La première version synthétique de la NightNight a fait son chemin dans la frange des privilégiés de la société. Désormais facile et rapide à produire, la portée de la drogue s'est rapidement étendue à ceux qui voulaient absolument l'essayer mais ne pouvaient pas l'acquérir. Bien sûr, peu de gens savaient que la version pour laquelle ils payaient le prix fort était entièrement synthétique et ne ressemblait pas du tout à la drogue originale. La disponibilité de la drogue augmenta, tout comme les taux de consommation. Ce qui était autrefois une habitude mensuelle pour une élite est soudainement devenue une habitude quotidienne pour un pourcentage croissant de la population. Il n'a pas fallu longtemps pour que les répercussions de la surconsommation de cette variante synthétique deviennent évidentes. La gravité de la dépendance fut mise en évidence publiquement suite aux problèmes de santé Khali O'Brien, une célébrité de l’époque qui fit les gros titres en 2880. Des amis d'O'Brien avaient fait part à la presse de leur inquiétude concernant sa perte de poids soudaine et spectaculaire et l'apparition choquante de veines noires sur son cou. Les paparazzi traquaient ses moindres faits et gestes et, après que des couches d'anticernes aient échoué à cacher la noirceur des veines, O'Brien commença à porter des écharpes et des cols roulés noirs. Cela incita un chroniqueur à potins à la surnommer la "Veuve noire", un terme évocateur qui est resté car des motifs noirs ressemblant à une toile d'araignée sont apparus sur de plus en plus de consommateurs. Cet état et la nature totalement synthétique de la drogue ont incité les autorités gouvernementales à la classer séparément sous le nom de WiDoW pour la distinguer de sa version antérieure non synthétique, la majuscule inhabituelle provenant des forums du Spectrum et de l’abréviation pour cette drogue : "WDW".

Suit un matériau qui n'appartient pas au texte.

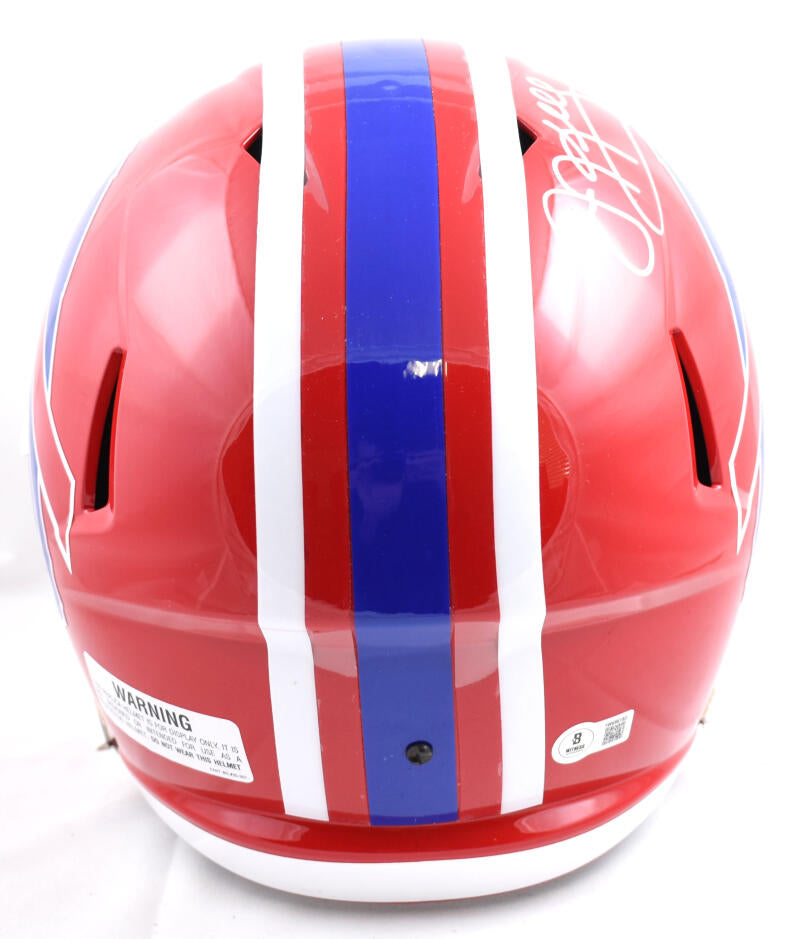 Jim Kelly Autographed Buffalo Bills F/S 87-01 Speed Helmet-Beckett W Hologram *White Image 4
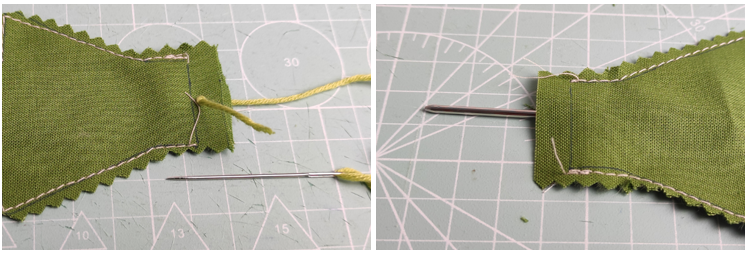 Blog-Inhaltsbild für 'Kostenloses Schnittmuster und Nähanleitung Beutel Flotti Karotti'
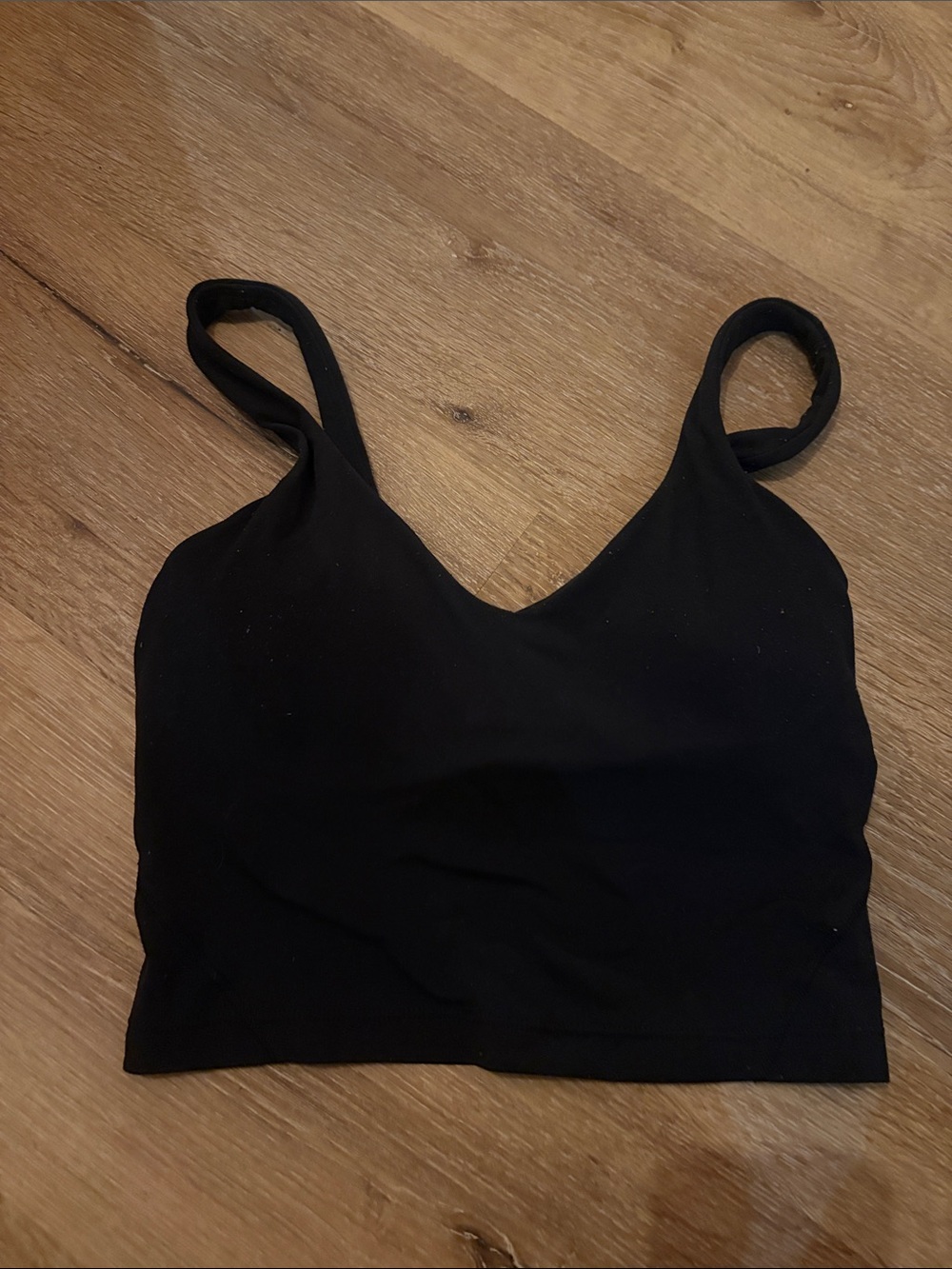 black lululemon align tank top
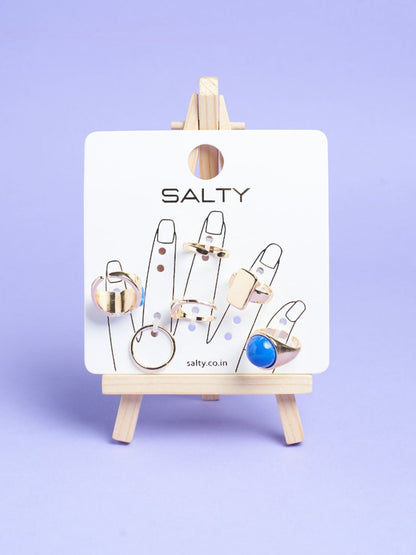 SALTY Set of 6 Streetwise Rings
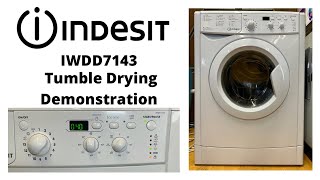 Indesit IWDD7143  Tumble Dryer Demonstration [upl. by Ardnazxela456]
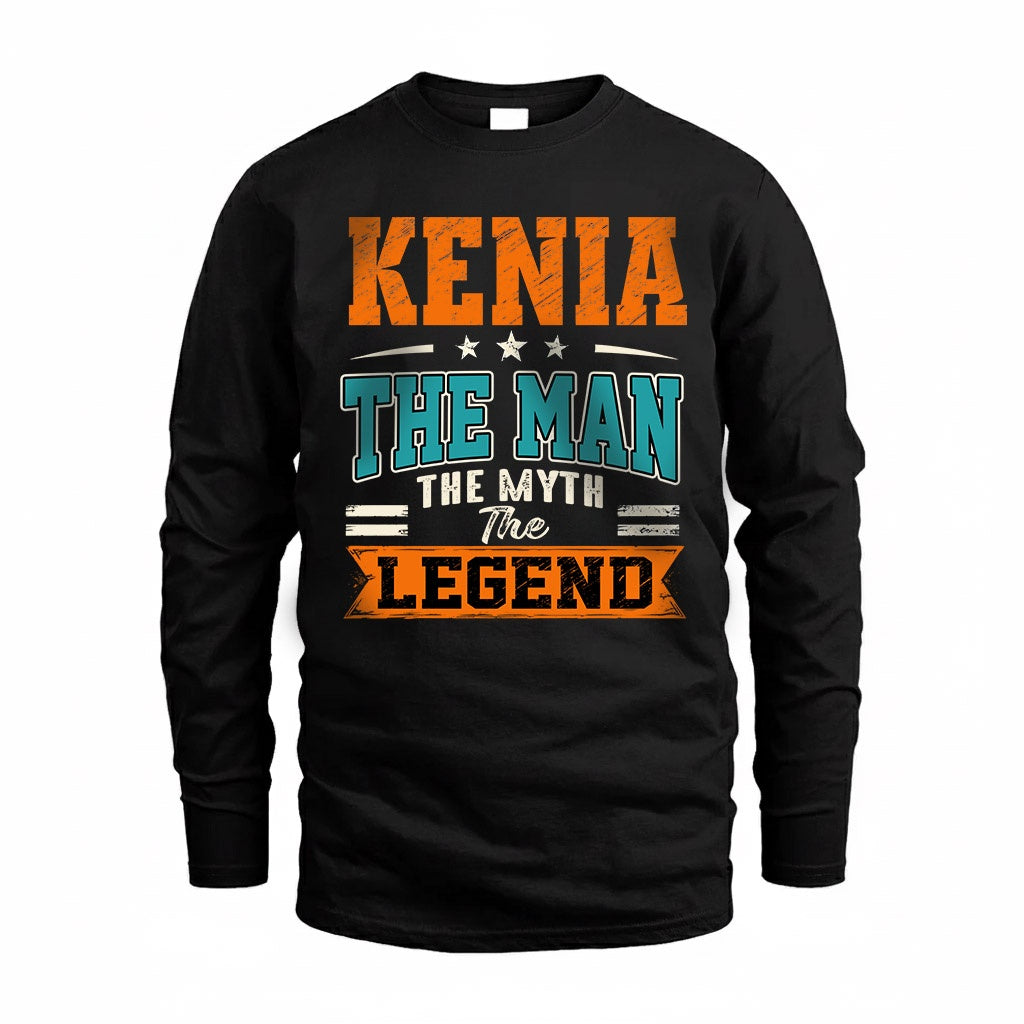 KENIA HH F007 The Man Myth Legend Personalized Shirt – Gift product image 4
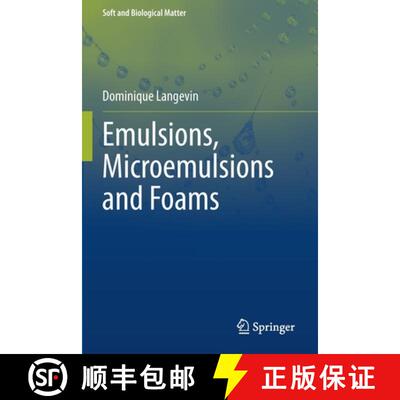 【3-4周达】Emulsions, Microemulsions and Foams [9783030556839]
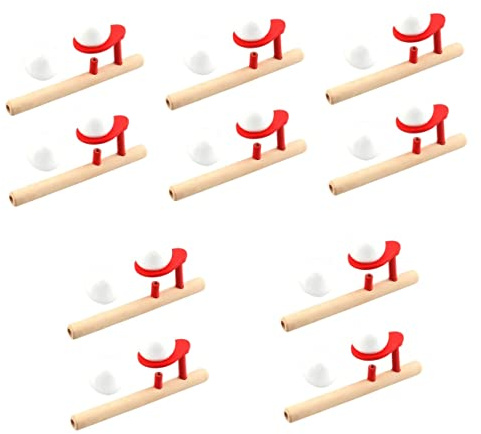 Toyvian 10sätze Holzspielzeug Mit Schwebenden Bällen Und Gleichgewichtsspielzeug Für Fördert Atemkontrolle Und Eltern-interaktion Für Freizeitaktivitäten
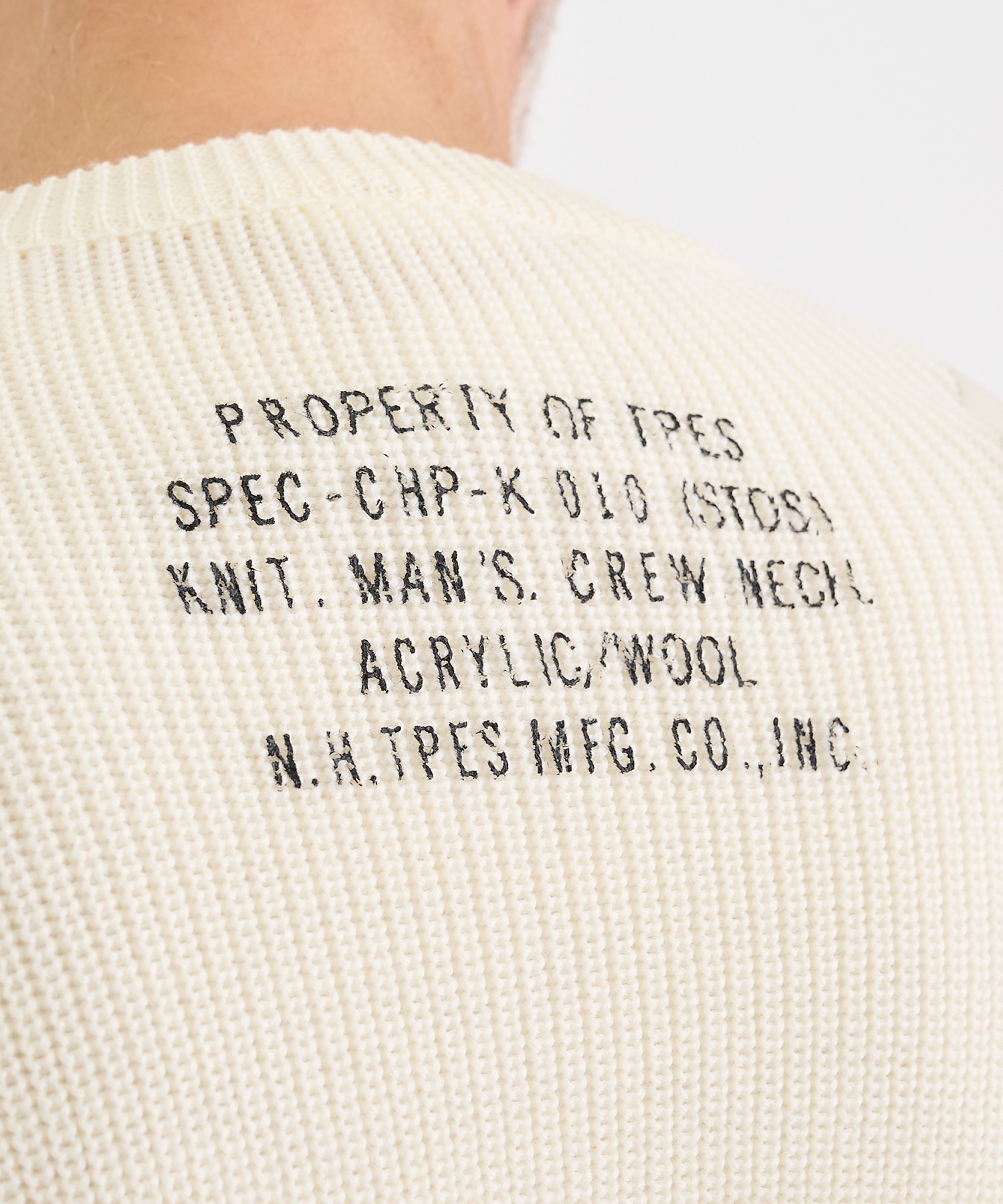 別注TRNG ONLY KNIT PO N.HOOLYWOOD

Malgré des effets indésirables évidents et des taux d'accoutumance qui montaient en flèche, de nombreux utilisateurs de la fin du 29ème siècle croyaient encore que la WiDoW était relativement sûr par rapport aux autres opioïdes. Cette fausse conviction, ainsi que la grande disponibilité de la drogue, ont conduit le gouvernement de l'UEE à déclarer la WiDoW comme "l'un des problèmes de santé publique les plus importants du 30ème siècle" et à le désigner comme un stupéfiant de Classe A. Bien que des milliards de crédits aient été investis dans des campagnes d'information à l'échelle de l'Empire, dans des centres de désintoxication, dans des services de conseil en matière de dépendance, etc., la WiDoW reste toujours aussi populaire et rentable que jamais ; un destin que les experts en matière de drogues pensent ne pas pouvoir changer à moins que quelque chose de radical ne se produise sur le plan culturel, économique et politique.